Driver capability settings for the Databricks ODBC Driver
This article describes how to configure special and advanced driver capability settings for the Databricks ODBC Driver.
The Databricks ODBC Driver provides the following special and advanced driver capability settings.
- Set the initial schema in ODBC
- ANSI SQL-92 query support in ODBC
- Extract large query results in ODBC
- Arrow serialization in ODBC
- Cloud Fetch in ODBC
- Enable logging
Set the initial schema in ODBC
The ODBC driver allows you to specify the schema by setting Schema=<schema-name>
as a connection configuration. This is equivalent to running USE <schema-name>
.
ANSI SQL-92 query support in ODBC
The ODBC driver accepts SQL queries in ANSI SQL-92 dialect and translates the queries to the Databricks SQL dialect. However, if your application generates Databricks SQL directly or your application uses any non-ANSI SQL-92 standard SQL syntax specific to Azure Databricks, Databricks recommends that you set UseNativeQuery=1
as a connection configuration. With that setting, the driver passes the SQL queries verbatim to Azure Databricks.
Extract large query results in ODBC
To achieve the best performance when you extract large query results, use the latest version of the ODBC driver that includes the following optimizations.
Arrow serialization in ODBC
ODBC driver version 2.6.15 and above supports an optimized query results serialization format that uses Apache Arrow.
Cloud Fetch in ODBC
ODBC Driver version 2.6.17 and above support Cloud Fetch, a capability that fetches query results through the cloud storage set up in your Azure Databricks deployment.
Query results are uploaded to an internal DBFS storage location as Arrow-serialized files of up to 20 MB. When the driver sends fetch requests after query completion, Azure Databricks generates and returns shared access signatures to the uploaded files. The ODBC driver then uses the URLs to download the results directly from DBFS.
Cloud Fetch is only used for query results larger than 1 MB. Smaller results are retrieved directly from Azure Databricks.
Azure Databricks automatically garbage collects the accumulated files which are marked for deletion after 24 hours. These marked files are completely deleted after an additional 24 hours.
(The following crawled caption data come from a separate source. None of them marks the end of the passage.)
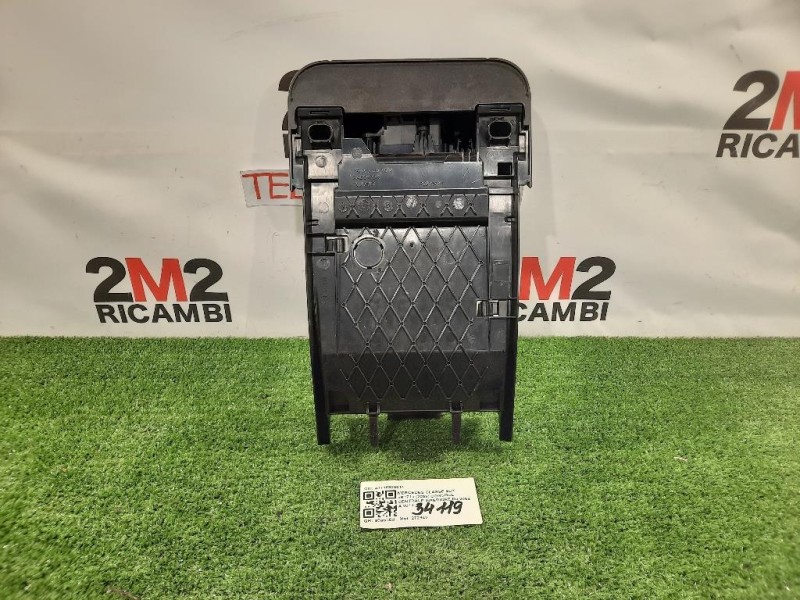 Console Centrale Inferiore A1716800014 Mercedes Classe SLK R171 2008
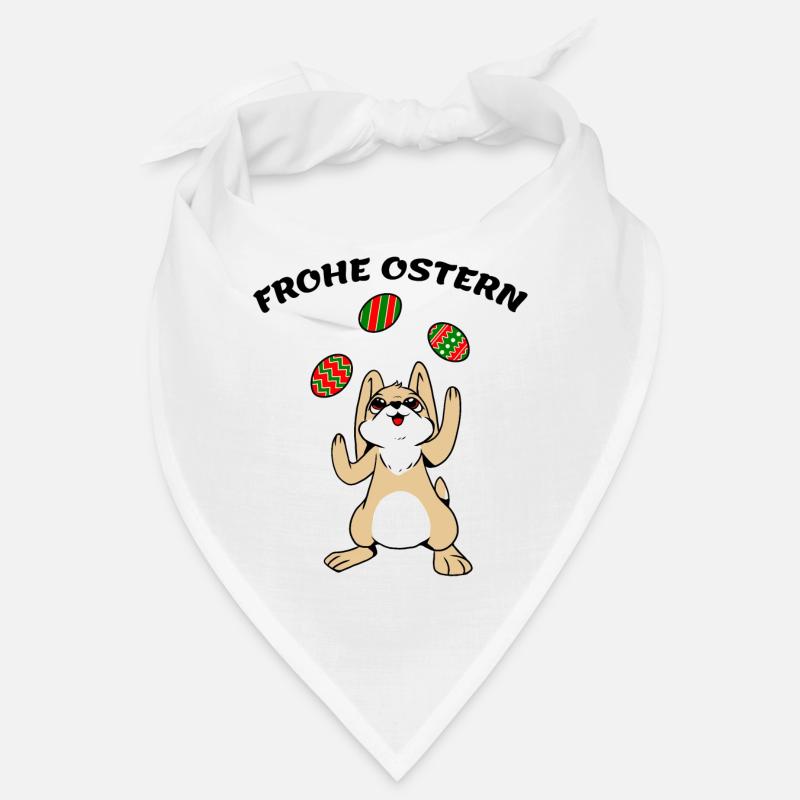 FROHE OSTERN Bandana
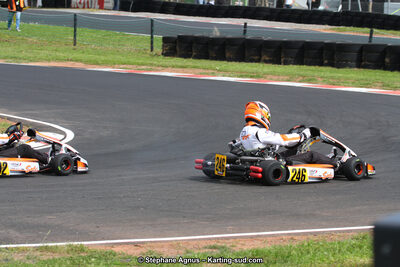 10/05/2015 : 3ème manche du Championnat du Sud à Belmont sur Rance (Photos Stéphane Agnus) 2015 — karting
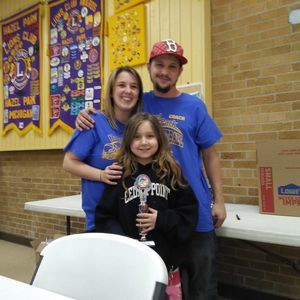 Meet your Posher, Mackenzie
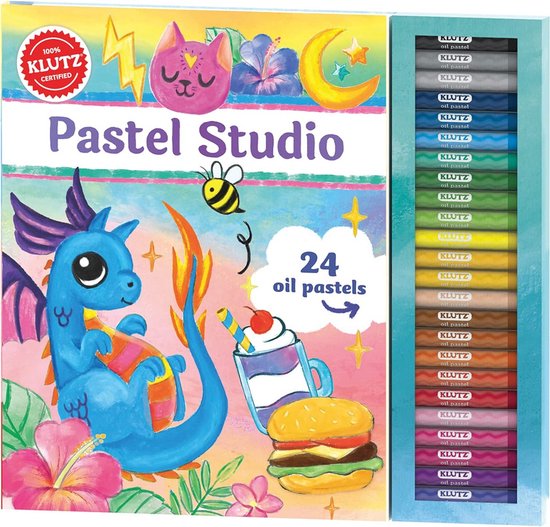 Klutz- Pastel Studio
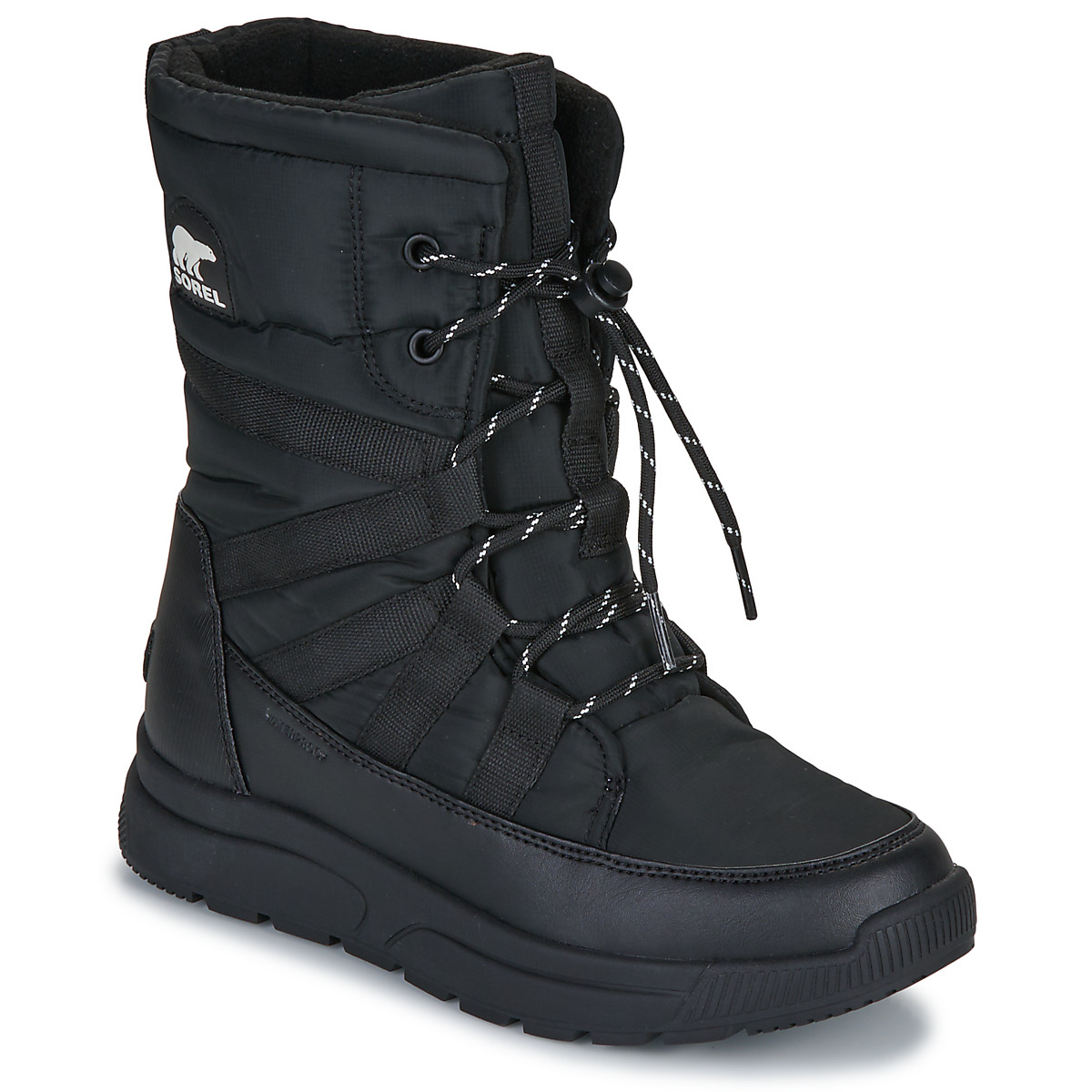 Sorel - WHITNEY III TALL WP - Black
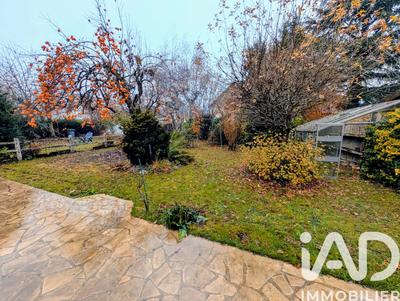 Maison - 75 m² - 4 pièces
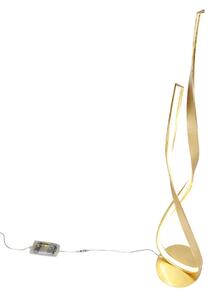 Lampadar LED dimabil Paul Neuhaus 720-12 LINDA LED/27W/230V auriu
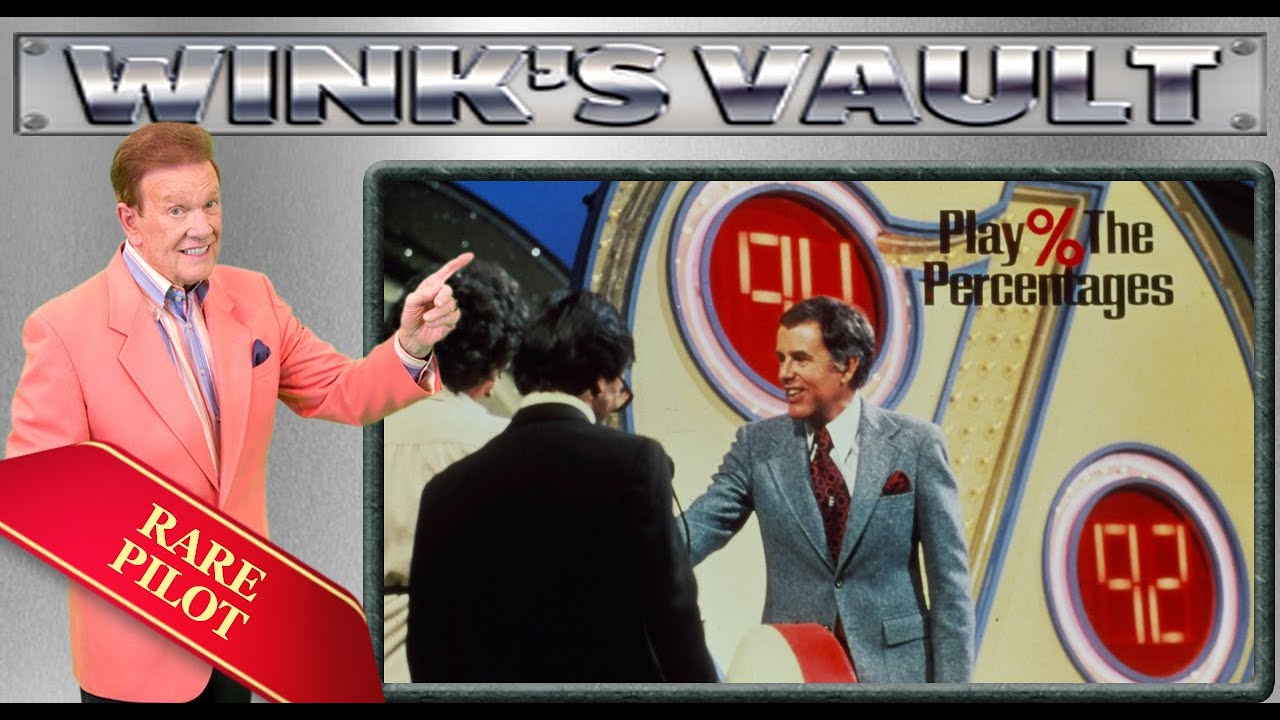 Rare Play the Percentages Pilot Game Show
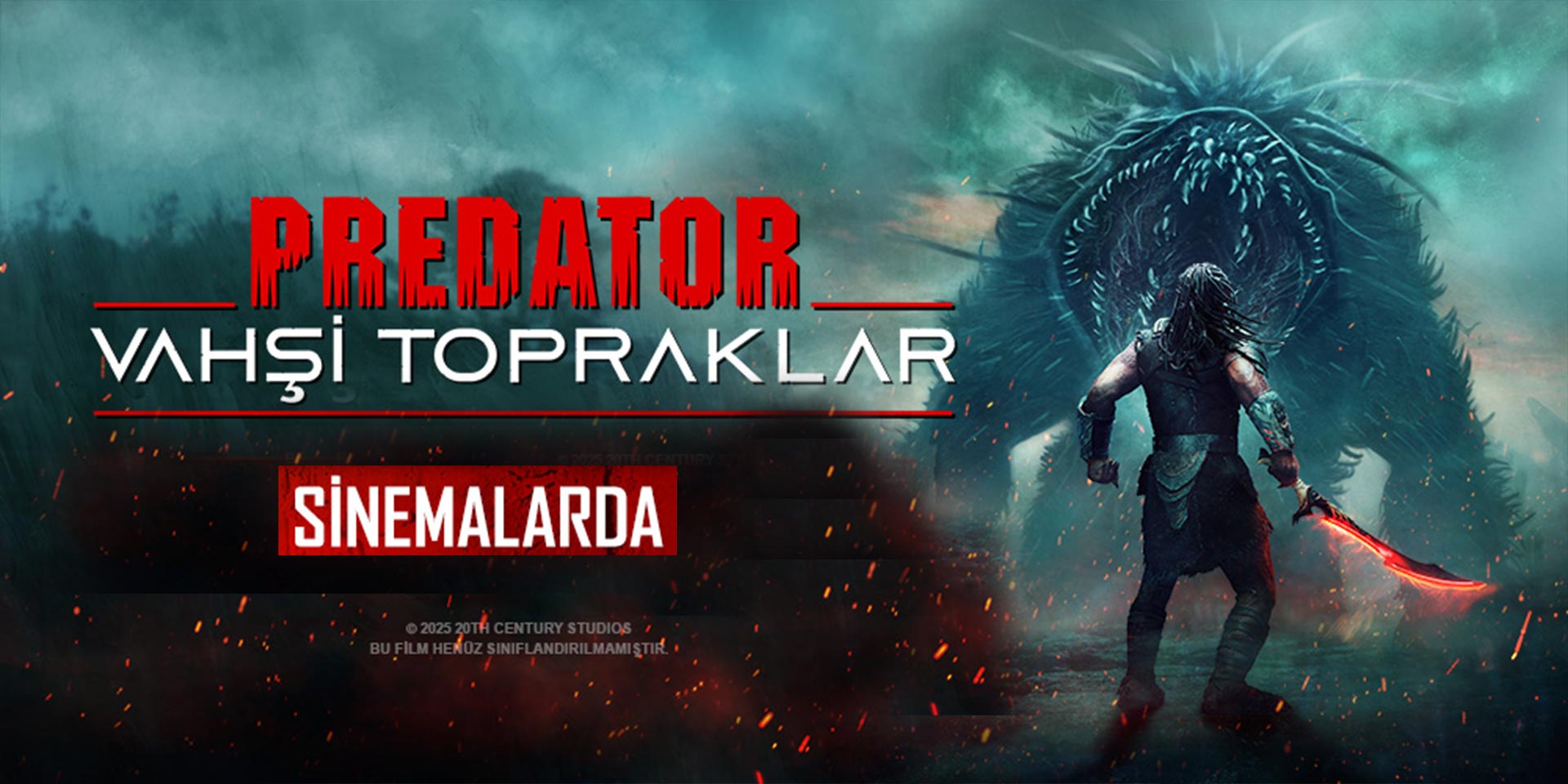 Predator: Vahşi Topraklar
To learn more about the Cloud Fetch architecture, see How We Achieved High-bandwidth Connectivity With BI Tools.
Enable logging
To enable logging in the ODBC driver for Windows, set the following fields in the ODBC Data Source Administrator for the related DSN:
- Set the Log Level field from FATAL to log only severe events through TRACE to log all driver activity.
- Set the Log Path field to the full path to the folder where you want to save log files.
- Set the Max Number Files field to the maximum number of log files to keep.
- Set the Max File Size field to the maximum size of each log file in megabytes.
To enable logging in the ODBC driver for a non-Windows machine, set the following properties in the related DSN or DSN-less connection string:
- Set the
LogLevel
property from1
to log only severe events through6
to log all driver activity. - Set the
LogPath
property to the full path to the folder where you want to save log files. - Set the
LogFileCount
property to the maximum number of log files to keep. - Set the
LogFileSize
property to the maximum size of each log file in bytes.
For more information, see the sections Configuring Logging Options on Windows
and Configuring Logging Options on a Non-Windows Machine
in the Databricks JDBC Driver Guide.